Proletarian = wage worker with no access to means of production.
Subject nation = Mexico, in this case… subjected through dollar hegemony and neoliberalism.
Emerging nationality = Spanish-speaking, originating primarily in Mexico and Central America, distinguishable from their fellow citizens abroad by their experience in the US, and distinguishable from US citizens in all the ways we know. A nation (common culture, language, political situation, history) being forged in this common set of hybrid experiences.
***
Thanks to Josiah, btw. I hope others will share their experiences of work.
I don’t object to getting dirty or working hard. I do both here at home, especially in my garden, that I work without fossil energy now. But this is non-alienating. It has my own creativity in it. The work is not a means to an end-apart from what the work accomplishes (I could give a shit less whether these rich people’s yards are pretty… I show up for the money… small as it is… this is what Marx called the alienation of workers. We are alienated from the results of our own efforts. I am a mere extension for a shovel or a tiller.
This fundamental dreariness not only characterizes wage work, however. Most people here in the good ole US of A are doing shit they don’t like, pretending for the boss that they do like it, convincing themselves that there might be at least a little status perq (if it’s a salaried job with a sexy title), and dreading each day… yet believing that their lack of enthusiasm is a personal defect.

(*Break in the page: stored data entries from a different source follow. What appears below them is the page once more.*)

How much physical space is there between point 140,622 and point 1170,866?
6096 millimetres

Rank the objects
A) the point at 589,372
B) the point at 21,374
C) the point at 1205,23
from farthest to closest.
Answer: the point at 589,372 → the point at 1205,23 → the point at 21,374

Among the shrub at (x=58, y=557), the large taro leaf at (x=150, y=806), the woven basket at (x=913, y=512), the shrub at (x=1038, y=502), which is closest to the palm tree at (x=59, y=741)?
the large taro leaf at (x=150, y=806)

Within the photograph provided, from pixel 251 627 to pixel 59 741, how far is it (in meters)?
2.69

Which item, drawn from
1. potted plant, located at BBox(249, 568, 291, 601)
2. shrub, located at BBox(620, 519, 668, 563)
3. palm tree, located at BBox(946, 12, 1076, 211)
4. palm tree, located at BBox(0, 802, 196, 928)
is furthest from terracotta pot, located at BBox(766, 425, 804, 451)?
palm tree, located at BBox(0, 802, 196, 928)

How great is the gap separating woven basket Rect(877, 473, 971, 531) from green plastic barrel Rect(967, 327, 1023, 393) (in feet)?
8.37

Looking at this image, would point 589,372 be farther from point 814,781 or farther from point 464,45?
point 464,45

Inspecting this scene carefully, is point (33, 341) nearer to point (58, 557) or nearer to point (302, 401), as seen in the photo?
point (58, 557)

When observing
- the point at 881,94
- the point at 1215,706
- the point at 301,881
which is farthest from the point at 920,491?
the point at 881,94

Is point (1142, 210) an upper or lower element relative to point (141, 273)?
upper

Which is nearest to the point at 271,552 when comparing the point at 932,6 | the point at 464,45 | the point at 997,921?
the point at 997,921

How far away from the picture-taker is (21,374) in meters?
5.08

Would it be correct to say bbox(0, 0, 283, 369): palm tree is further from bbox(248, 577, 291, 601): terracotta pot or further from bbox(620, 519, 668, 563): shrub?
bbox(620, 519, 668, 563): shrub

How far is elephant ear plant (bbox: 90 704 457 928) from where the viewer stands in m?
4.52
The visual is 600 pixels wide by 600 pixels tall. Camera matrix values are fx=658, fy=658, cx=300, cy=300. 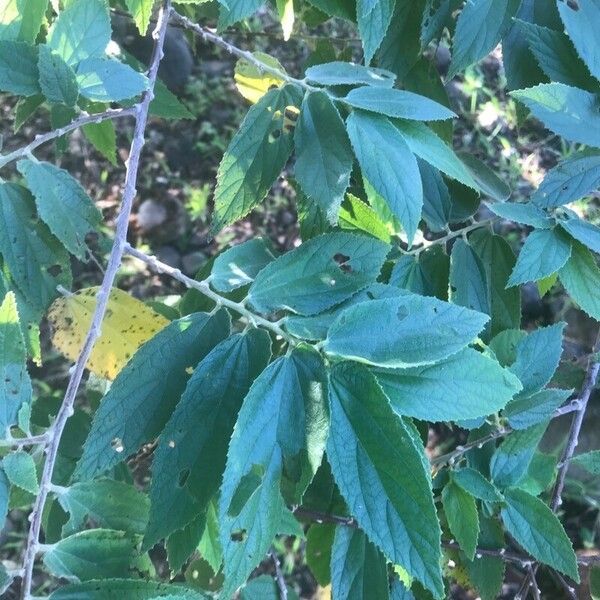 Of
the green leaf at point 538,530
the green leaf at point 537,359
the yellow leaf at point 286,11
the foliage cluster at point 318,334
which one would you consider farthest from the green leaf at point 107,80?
the green leaf at point 538,530

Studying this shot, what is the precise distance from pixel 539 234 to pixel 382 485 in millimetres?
494

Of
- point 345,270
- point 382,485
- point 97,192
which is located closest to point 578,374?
point 345,270

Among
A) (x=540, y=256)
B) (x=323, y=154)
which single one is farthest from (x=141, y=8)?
(x=540, y=256)

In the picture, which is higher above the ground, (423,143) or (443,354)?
(423,143)

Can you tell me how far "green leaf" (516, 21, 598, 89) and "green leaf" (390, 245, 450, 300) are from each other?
32cm

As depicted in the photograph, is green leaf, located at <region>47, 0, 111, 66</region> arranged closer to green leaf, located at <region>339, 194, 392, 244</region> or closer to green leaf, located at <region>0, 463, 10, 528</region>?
green leaf, located at <region>339, 194, 392, 244</region>

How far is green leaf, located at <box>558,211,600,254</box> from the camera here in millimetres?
931

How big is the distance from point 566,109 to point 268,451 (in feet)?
2.14

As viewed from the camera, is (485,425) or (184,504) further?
(485,425)

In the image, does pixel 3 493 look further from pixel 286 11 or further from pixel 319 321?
pixel 286 11

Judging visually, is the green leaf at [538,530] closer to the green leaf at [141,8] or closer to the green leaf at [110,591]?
the green leaf at [110,591]

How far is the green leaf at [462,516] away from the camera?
100 centimetres

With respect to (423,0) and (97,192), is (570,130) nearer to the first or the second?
(423,0)

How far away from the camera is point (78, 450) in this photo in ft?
3.76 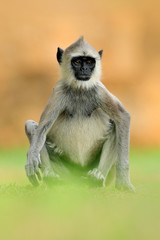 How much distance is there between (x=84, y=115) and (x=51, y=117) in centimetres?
54

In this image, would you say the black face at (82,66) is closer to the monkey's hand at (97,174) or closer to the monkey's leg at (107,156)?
the monkey's leg at (107,156)

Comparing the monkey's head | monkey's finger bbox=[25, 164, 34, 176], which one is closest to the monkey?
the monkey's head

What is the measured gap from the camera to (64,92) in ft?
24.6

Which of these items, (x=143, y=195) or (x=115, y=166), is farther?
(x=115, y=166)

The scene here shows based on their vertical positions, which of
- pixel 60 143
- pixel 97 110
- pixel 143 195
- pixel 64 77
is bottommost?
pixel 143 195

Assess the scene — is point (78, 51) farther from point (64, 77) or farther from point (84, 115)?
point (84, 115)

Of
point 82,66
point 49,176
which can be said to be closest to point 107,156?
point 49,176

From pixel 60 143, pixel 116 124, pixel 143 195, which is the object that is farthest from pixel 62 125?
pixel 143 195

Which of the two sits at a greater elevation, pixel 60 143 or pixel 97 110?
pixel 97 110

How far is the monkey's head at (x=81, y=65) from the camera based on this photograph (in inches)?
289

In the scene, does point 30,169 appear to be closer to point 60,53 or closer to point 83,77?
point 83,77

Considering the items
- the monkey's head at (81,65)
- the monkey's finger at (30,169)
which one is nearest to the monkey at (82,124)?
the monkey's head at (81,65)

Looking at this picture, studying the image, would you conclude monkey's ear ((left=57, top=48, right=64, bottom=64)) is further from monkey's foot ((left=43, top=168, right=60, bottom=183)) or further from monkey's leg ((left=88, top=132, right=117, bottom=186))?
monkey's foot ((left=43, top=168, right=60, bottom=183))

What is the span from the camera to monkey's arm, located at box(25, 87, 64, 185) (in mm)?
7145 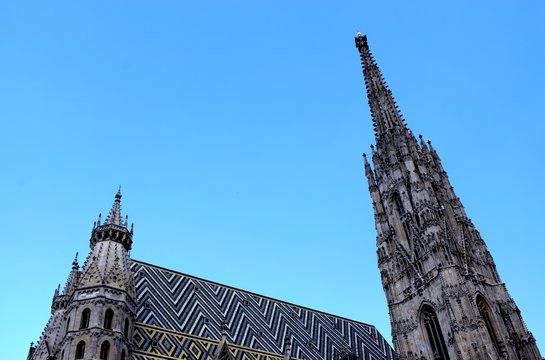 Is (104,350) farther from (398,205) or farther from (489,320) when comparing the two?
(398,205)

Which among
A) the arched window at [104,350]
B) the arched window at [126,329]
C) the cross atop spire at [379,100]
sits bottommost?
the arched window at [104,350]

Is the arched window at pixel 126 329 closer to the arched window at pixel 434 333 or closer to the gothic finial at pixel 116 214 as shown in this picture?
the gothic finial at pixel 116 214

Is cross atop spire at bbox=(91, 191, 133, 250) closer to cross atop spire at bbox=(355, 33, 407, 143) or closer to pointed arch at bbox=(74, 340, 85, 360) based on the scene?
pointed arch at bbox=(74, 340, 85, 360)

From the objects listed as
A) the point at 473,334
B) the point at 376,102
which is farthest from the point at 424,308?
the point at 376,102

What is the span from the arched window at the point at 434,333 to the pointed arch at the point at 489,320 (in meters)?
2.56

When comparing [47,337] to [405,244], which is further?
[405,244]

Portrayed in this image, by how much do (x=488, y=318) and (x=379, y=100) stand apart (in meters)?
20.5

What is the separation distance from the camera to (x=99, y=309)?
2533cm

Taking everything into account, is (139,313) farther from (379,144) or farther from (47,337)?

No one should aspire to be a proletarian. It is a form of slavery, a point taken up in great detail by Pateman’s discussion of “the contract.”
If we have any aspirations, in light of the critique of industrialism that exposes the errors and frauds of “development,” then it seems we should aspire to independence from the main contradiction of capital (the worker-owner dyad, domination and submission on an axis of mutual dependency).
At any rate, send more work stories. Come one, come all, to Feral Scholar, to publicly and collectively deconstruct your employment! (-:
And think about this new nation-forming-within-a-nation. Any more detailed treatments (Joaquin?) we can post over at Insurgent American.
12 April 2007, 5:57 amBob H:
I did this kind of work for a while in my early 20s in S. Florida; not sure I could hack it in my 40s, so a red salute for that.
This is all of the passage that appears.